There was a physical stop, but now you appear to have broken it, so you are halfway there to making a continuous servo.
You still need to do work internally to the servo as per the many conversion tutorials on the net.
Can you please tell us your electronics, programming, arduino, hardware experience?
Tom..... 
TomGeorge:
Can you please tell us your electronics, programming, arduino, hardware experience?
Not a lot. I've tried doing one Arduino project in the past.
emanresu01:
I can turn the servos indefinitely with my hand so I assume their is no physical barrier stopping them from turning, so do I need to modify my servos at all, or is there some way to code the servo to keep turning?
It sounds like you already have a 'continuous rotation servo'. Either that or any internal physical stops it or the internal pot had were broken off. What happens when you connect it to the Arduino and use File->Examples->Servo->Sweep? A regular servo will sweep back and forth about 180 degrees. A 'continuous rotation servo' will spin in one direction quickly, gradually slow to a stop, and then speed up in the other direction until it is spinning quickly the other way.

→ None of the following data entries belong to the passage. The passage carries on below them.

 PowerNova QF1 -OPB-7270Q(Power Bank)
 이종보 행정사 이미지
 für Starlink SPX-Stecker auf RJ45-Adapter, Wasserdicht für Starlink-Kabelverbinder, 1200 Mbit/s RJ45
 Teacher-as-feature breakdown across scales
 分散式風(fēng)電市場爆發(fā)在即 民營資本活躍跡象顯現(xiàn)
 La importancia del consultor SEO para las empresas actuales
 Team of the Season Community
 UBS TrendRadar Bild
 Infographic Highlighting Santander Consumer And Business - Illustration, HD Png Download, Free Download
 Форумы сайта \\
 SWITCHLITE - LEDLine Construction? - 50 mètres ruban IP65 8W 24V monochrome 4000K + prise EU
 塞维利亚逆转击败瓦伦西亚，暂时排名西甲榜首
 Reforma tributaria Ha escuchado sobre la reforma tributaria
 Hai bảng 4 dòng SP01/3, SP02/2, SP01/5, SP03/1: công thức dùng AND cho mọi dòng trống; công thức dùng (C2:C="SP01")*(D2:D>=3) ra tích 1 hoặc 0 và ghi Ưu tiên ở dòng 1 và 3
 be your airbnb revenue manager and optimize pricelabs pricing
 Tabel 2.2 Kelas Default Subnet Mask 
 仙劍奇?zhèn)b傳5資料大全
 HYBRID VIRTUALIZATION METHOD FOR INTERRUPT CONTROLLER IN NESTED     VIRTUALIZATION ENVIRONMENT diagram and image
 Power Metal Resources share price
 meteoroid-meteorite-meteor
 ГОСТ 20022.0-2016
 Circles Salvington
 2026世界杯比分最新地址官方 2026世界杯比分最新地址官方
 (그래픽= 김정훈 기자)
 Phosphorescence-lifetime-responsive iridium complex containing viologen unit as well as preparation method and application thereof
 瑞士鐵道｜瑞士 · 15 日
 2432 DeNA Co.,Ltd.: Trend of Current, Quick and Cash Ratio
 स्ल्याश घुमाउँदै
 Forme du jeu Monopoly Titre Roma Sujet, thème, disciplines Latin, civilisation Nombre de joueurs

Unfortunately my servo just spins back and forth, not in one direction.
emanresu01:
Unfortunately my servo just spins back and forth, not in one direction.
OK, try this sketch:
#include <Servo.h>
Servo myservo;
void setup()
{
myservo.write(0);
myservo.attach(9); // attaches the servo on pin 9 to the servo object
}
void loop() {}
Does THAT make your servo spin in one direction?